■ Entries shown ■
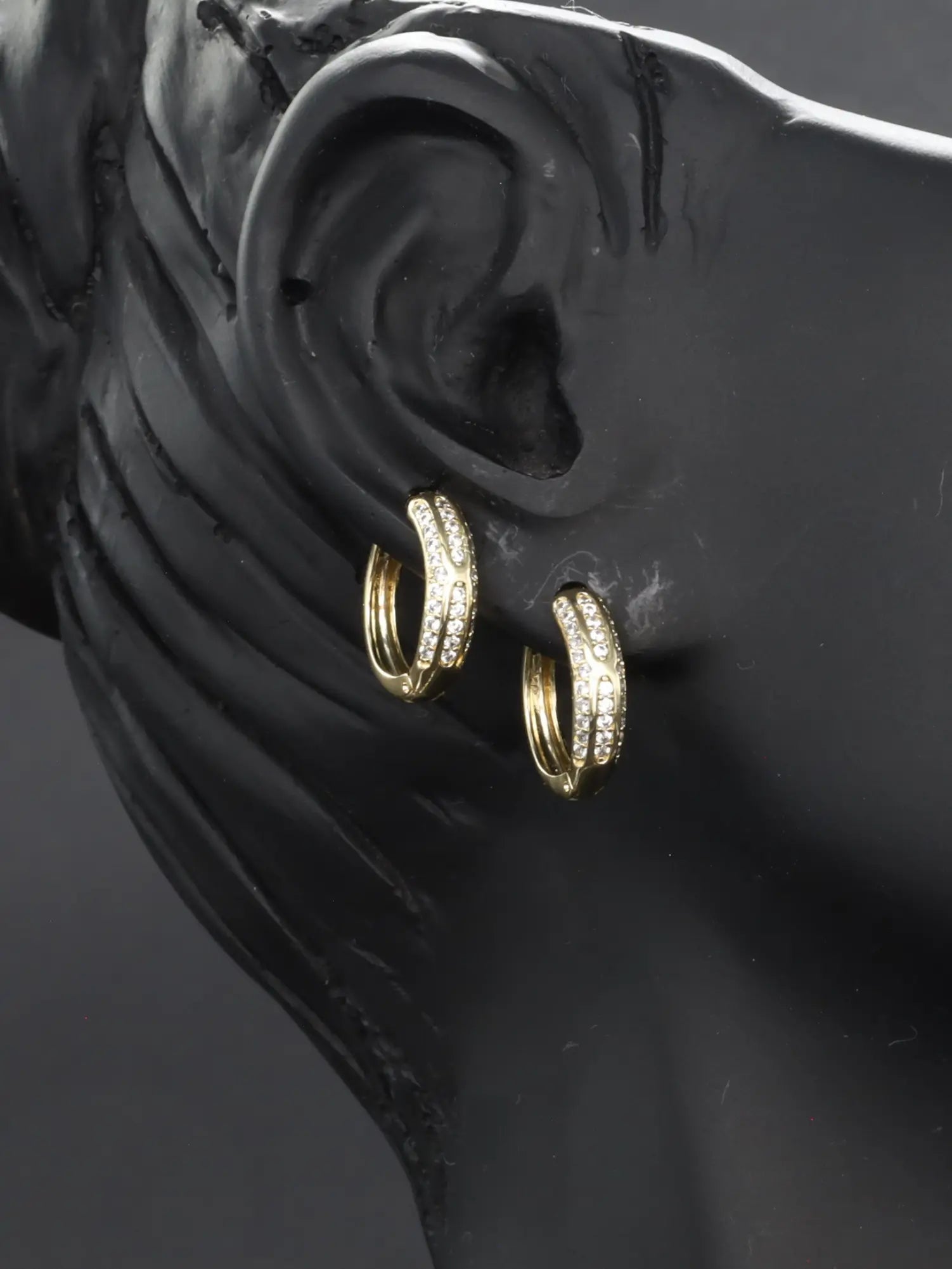 Işıltılı Gold Halka Küpe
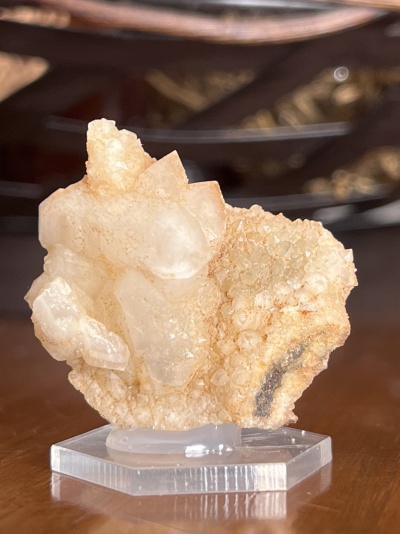 Calcita hialina com quartzo – Sicília, Itália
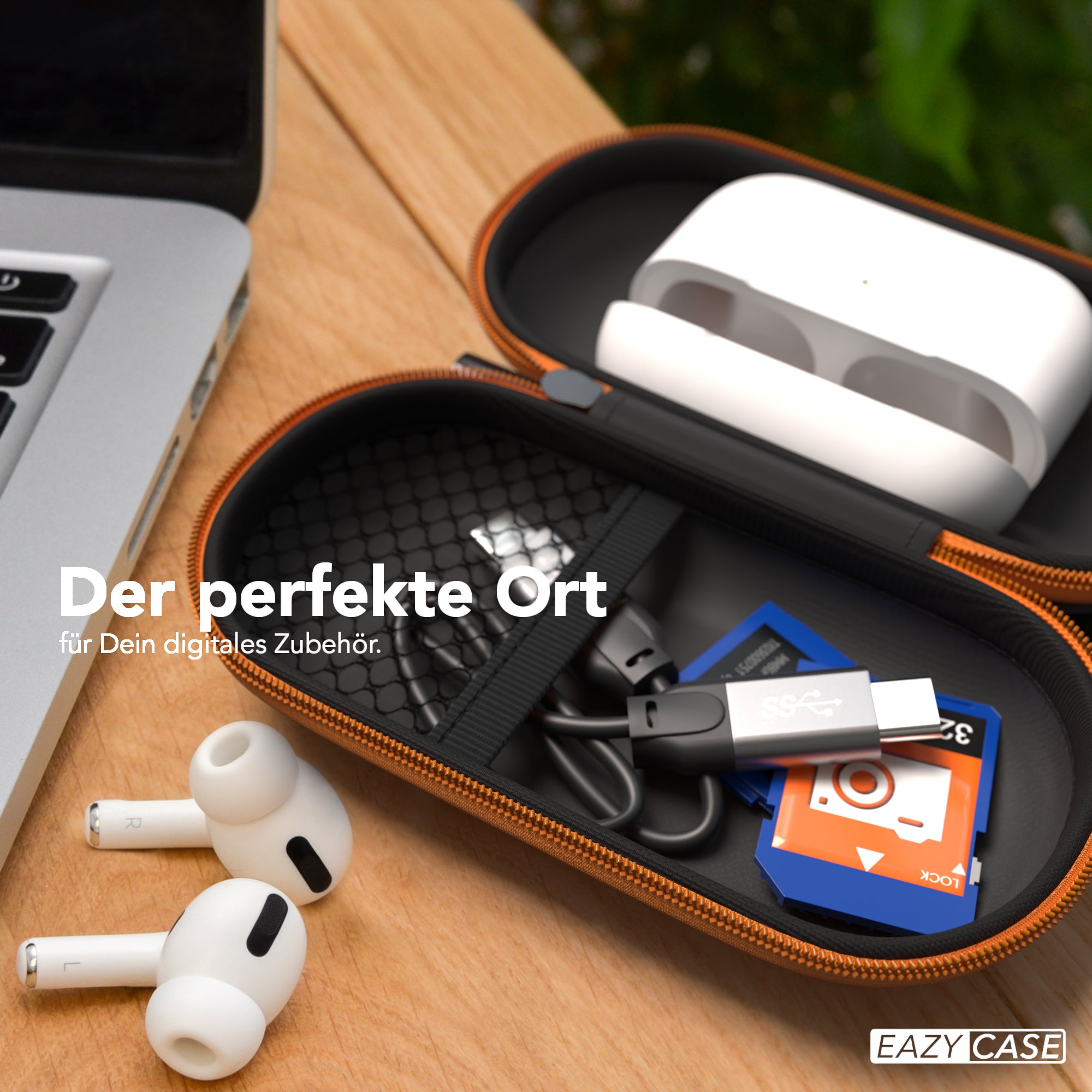 Universal Tasche für In-Ear Kopfhörer mit Netzfach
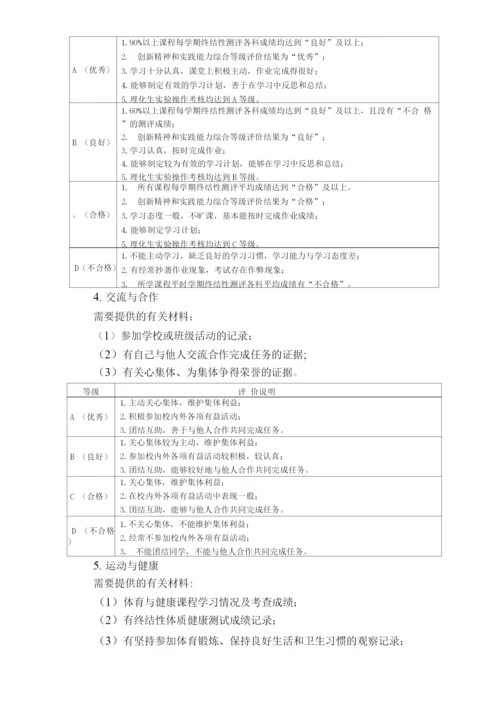 学生综合素质评价实施方案及细则.docx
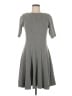 Julian Taylor Houndstooth Gray Casual Dress Size 6 - photo 1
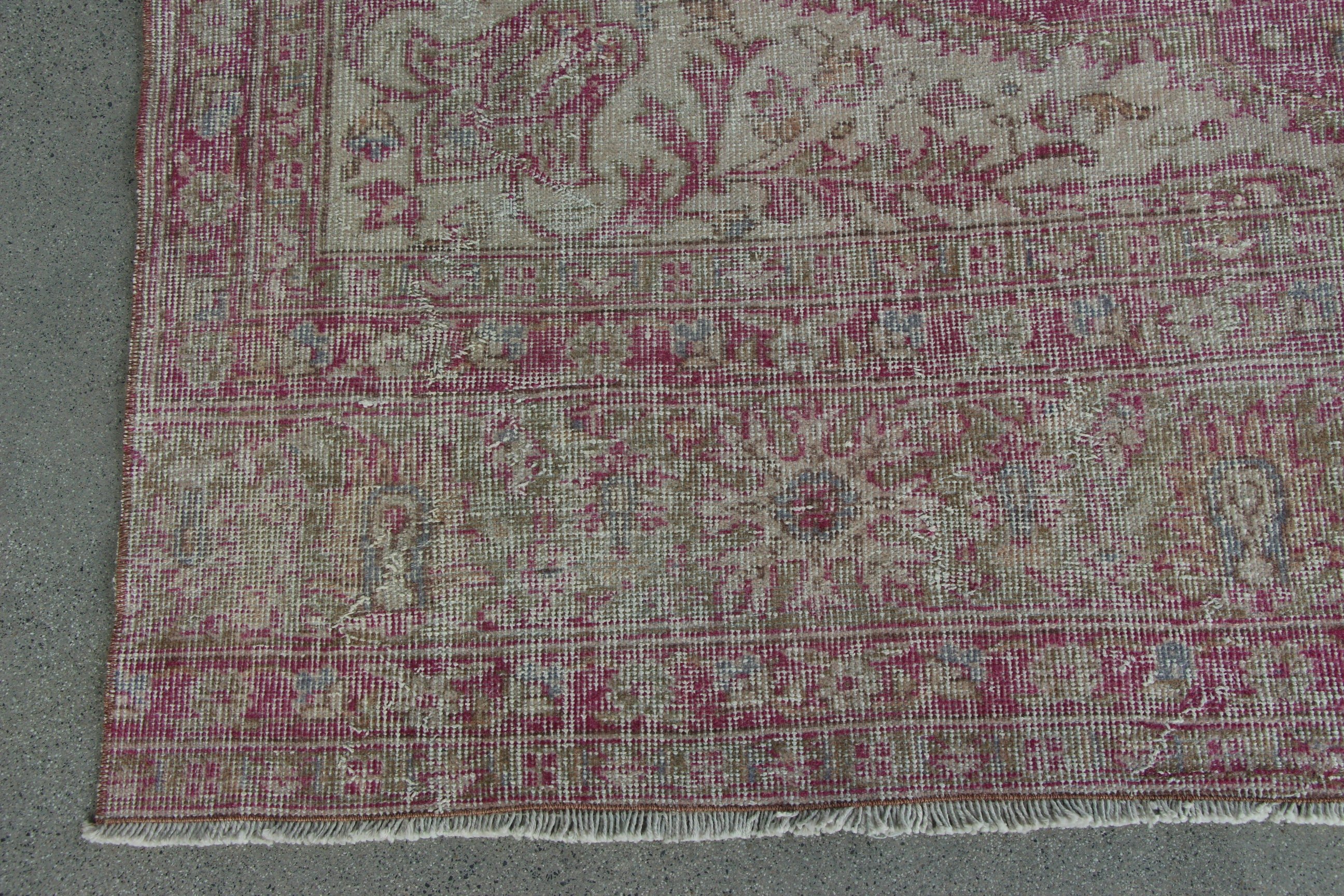 Anatolian Rug, Saloon Rug, Flatweave Rug, Vintage Rugs, Salon Rugs, 6.8x11.3 ft Oversize Rug, Beige Bedroom Rug, Turkish Rugs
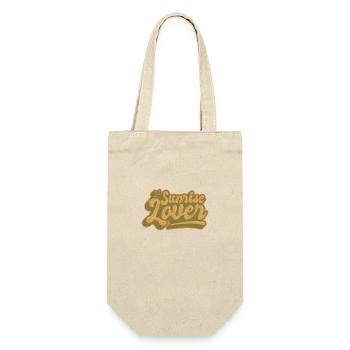 Sunrise Lover - Geschenkbeutel für Flaschen - Natur - Vorne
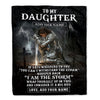 Personalized To My Daughter Blanket Women Warrior Knights Templar I Am The Storm Best Daughter Birthday Gifts Christmas Customized Fleece Throw Blanket | teecentury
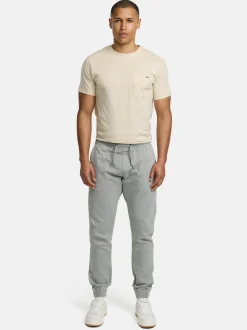Indicode Herren Hose - Nizar in hellgrau grau
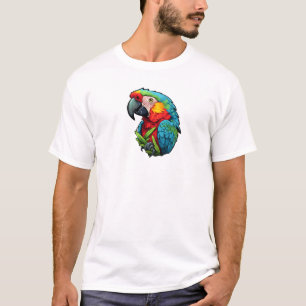 T-shirt Illustration du perroquet de dessin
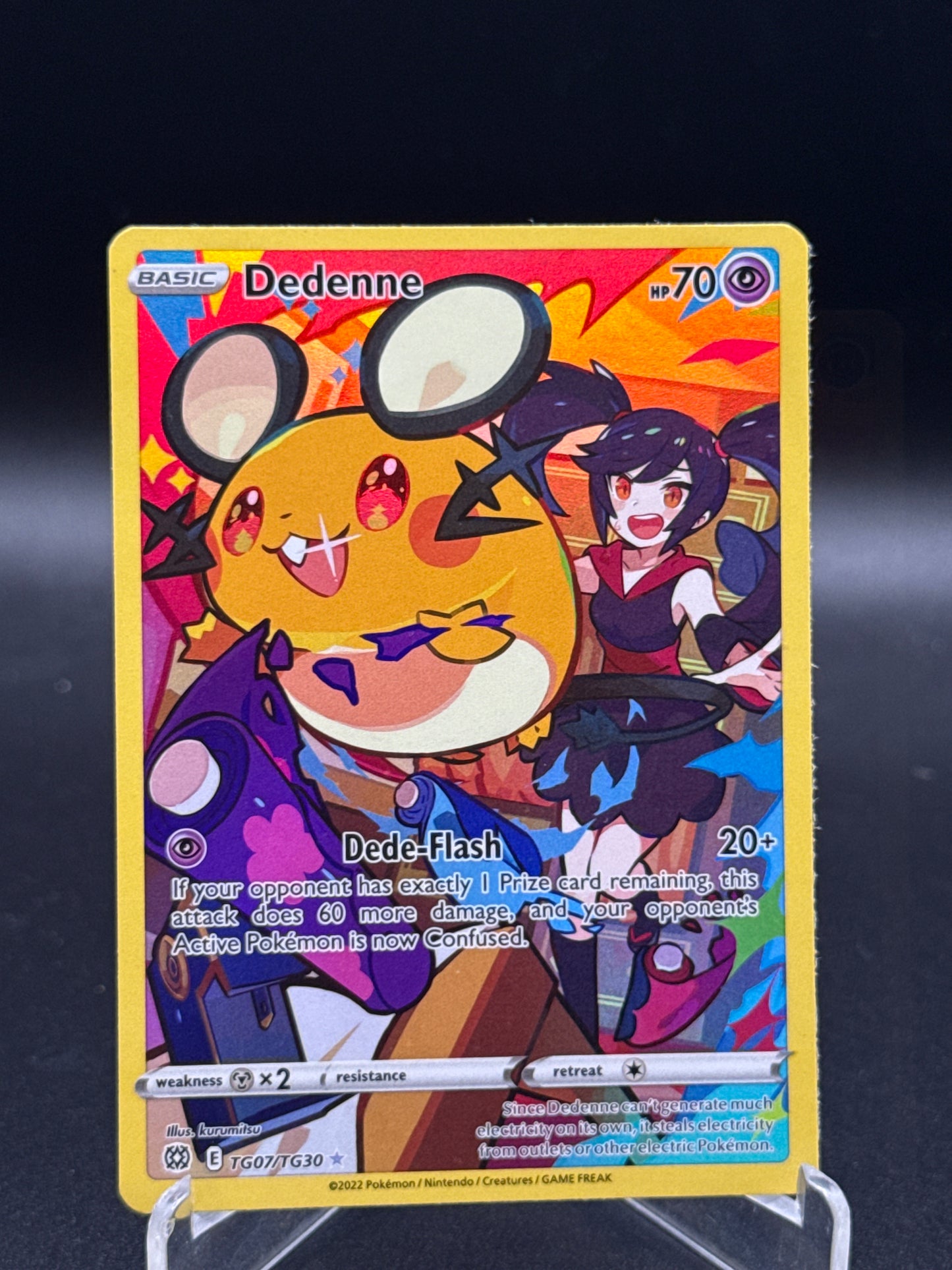 Pokémon TCG: 2022 - Dedenne - TG07/TG30 - SWSH: Brilliant Stars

■ Action item ■
Transcribe the lines above exactly, beginning at the one with "Julian Taylor Houndstooth" and ending at the one with "Sunrise Lover - Geschenkbeutel". Include both; exclude the pictures.

■ Response box ■
 Julian Taylor Houndstooth Gray Casual Dress Size 6 - photo 1
 Anatolian Rug, Saloon Rug, Flatweave Rug, Vintage Rugs, Salon Rugs, 6.8x11.3 ft Oversize Rug, Beige Bedroom Rug, Turkish Rugs
 Sunrise Lover - Geschenkbeutel für Flaschen - Natur - Vorne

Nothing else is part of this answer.